Tuesday, October 29, 2013

"Sophia. You really have 10 husbands?"

So, since Mr. Narayan couldn’t host me at his house, one of the female teachers, Sita, extended the invitation. Since I’d brought a small bag thinking I would be away for the night, I was all ready to go and hopped on the back of Sita’s motorbike after school to head to her home.

We had a quiet drive dodging goats, roosters and dogs along the bumpy, dusty road past children on their way home from school, rice and lentil fields, small huts and eventually into the more populated town of Bharatpur. After being quiet for about five minutes, and possibly stringing the words together appropriately to ask the prying question, Sita said in what I would notice was her way of stating my name and then asking a question. “Sophia.” “Yes?” “You have ten husbands?” What must they think of this loose, foreigner!?

When we arrived her forewarned “Very old” mother and father in law were there to greet us as well as her husband and 2 year old baby boy.
As I struggled to stay awake reading my book, Sita came into my room and said “Sophia. You come with me.” I was hoping she was taking me to a more comfortable bed, but as I stood up, she motioned that we were going outside. “I can wear this?” I asked, referring the hideosouly unflattering maxi dress she’d stuffed me into to cover as much of my skin as possible to ensure that I would properly swelter in my sleep. “Yes.

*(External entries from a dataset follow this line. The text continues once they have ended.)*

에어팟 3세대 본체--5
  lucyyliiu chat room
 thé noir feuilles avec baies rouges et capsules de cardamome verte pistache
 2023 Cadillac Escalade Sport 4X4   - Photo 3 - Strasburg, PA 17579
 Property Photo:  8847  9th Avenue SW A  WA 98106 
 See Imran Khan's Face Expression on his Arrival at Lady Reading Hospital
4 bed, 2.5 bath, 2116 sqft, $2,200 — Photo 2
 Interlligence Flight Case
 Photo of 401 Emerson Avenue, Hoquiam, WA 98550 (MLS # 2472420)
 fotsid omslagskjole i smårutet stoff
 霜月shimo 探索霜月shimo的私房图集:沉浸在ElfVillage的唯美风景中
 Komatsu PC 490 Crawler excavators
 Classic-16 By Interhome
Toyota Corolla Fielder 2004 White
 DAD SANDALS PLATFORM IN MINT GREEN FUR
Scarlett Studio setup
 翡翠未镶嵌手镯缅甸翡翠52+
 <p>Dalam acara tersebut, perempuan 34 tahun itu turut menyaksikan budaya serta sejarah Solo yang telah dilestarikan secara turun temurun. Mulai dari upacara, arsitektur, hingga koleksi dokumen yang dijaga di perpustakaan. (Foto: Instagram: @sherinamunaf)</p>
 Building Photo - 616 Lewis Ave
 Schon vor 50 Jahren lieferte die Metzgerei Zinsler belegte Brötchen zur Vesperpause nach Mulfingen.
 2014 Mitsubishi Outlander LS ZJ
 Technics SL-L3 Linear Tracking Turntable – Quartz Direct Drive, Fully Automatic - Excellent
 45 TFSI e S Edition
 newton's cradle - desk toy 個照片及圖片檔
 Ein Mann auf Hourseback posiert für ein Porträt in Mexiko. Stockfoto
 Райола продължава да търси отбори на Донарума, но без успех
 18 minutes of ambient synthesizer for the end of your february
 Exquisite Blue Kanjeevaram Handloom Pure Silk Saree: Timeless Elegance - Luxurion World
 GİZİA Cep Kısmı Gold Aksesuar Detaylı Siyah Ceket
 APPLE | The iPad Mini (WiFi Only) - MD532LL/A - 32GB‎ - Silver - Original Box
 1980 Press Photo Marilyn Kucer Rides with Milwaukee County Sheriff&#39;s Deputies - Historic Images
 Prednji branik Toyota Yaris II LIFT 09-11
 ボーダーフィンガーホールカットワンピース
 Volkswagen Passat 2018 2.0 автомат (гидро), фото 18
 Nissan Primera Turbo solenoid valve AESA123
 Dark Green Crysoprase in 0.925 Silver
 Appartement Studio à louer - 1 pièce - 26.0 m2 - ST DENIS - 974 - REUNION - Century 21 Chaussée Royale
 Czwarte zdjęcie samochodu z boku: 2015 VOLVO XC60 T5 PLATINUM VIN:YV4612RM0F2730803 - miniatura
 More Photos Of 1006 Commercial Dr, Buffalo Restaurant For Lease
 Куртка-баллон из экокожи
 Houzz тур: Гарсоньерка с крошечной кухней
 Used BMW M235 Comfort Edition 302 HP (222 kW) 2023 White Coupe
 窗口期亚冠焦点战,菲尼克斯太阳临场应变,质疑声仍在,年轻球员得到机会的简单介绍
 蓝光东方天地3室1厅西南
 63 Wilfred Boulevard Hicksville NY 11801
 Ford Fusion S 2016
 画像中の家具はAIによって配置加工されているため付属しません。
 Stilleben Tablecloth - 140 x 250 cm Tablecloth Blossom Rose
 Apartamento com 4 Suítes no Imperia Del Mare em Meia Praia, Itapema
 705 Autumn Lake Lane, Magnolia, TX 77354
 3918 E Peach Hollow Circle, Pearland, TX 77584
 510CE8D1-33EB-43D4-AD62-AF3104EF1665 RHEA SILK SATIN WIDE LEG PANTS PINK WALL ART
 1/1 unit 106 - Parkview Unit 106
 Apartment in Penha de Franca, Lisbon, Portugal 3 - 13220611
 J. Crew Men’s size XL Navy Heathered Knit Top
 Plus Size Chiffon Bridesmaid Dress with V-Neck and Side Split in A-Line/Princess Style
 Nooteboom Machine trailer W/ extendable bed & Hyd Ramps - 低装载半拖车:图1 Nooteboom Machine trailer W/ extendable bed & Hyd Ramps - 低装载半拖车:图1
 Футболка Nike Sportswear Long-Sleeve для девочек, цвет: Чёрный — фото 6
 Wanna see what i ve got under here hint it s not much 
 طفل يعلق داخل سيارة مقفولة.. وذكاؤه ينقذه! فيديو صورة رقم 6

Wait.” She snatched a towel that was hanging behind the door and wrapped it around my waist, tying the two ends together at my navel, and rolling it down so it would hold and give the whole maxi-look a new dynamic. We sat out on the porch as half the street walked by and stopped in for a chat and a chance to stare at the foreigner in the hideous dress.

After conversation inevitably turned to me and my single-ness, Sita told the story about me telling the kids I had 10 husbands. The crowd was amused, if a little confused and Sita retreated into the house only to return wit h10 red bangles that she tried to put on my large hand. After the first two cheap plastic circles broke, she fetched some grease and tried folding my fingers together like an accordian, eventually sliding the bangles onto my wrists; 5 on each side. “There, one for each husband!” I exclaimed (uproarious laughter from the crowd).

As I was sitting outside on the step, reading my book as I waited for Sita to prepare for school, I was summoned inside. “Sophia. You come here.” “Yes?” I wandered into my room where Sita was standing in front of the mirror with a tube of hooker-pink lipstick that should only be worn by ladies after 2am. She motioned for me to apply after she had smeared it onto her own face and was wiping away the enlarged clown-smile she had drawn on half her face.

“Ummm…hmmm, ya know I don’t usually wear lipstick.” She continued to hold the tube in front of me, clearly thinking that it was about time I start. “Okie dokie.” Why the hell not? Can I keep the maxi dress, too?


I asked if we could get a photo of the entire family and as I was waiting for everyone to assemble on the step, Sita’s father-in-law spoke to me in Nepali, gesturing with his hands and looking down the road like he was telling me to get the hell out of his house and never come back. One of the neighbours, a guy my age who spoke fairly good English, translated that “He says he wants you to come back again.” I’d learned the night before that this man who stood up and sat down with the agility of a 10 year old, was actually 85 and healthy as a horse, does his walking and exercises in the morning bright and early and eats properly and doesn’t smoke. I bet he gets into the whiskey when the time is right, though.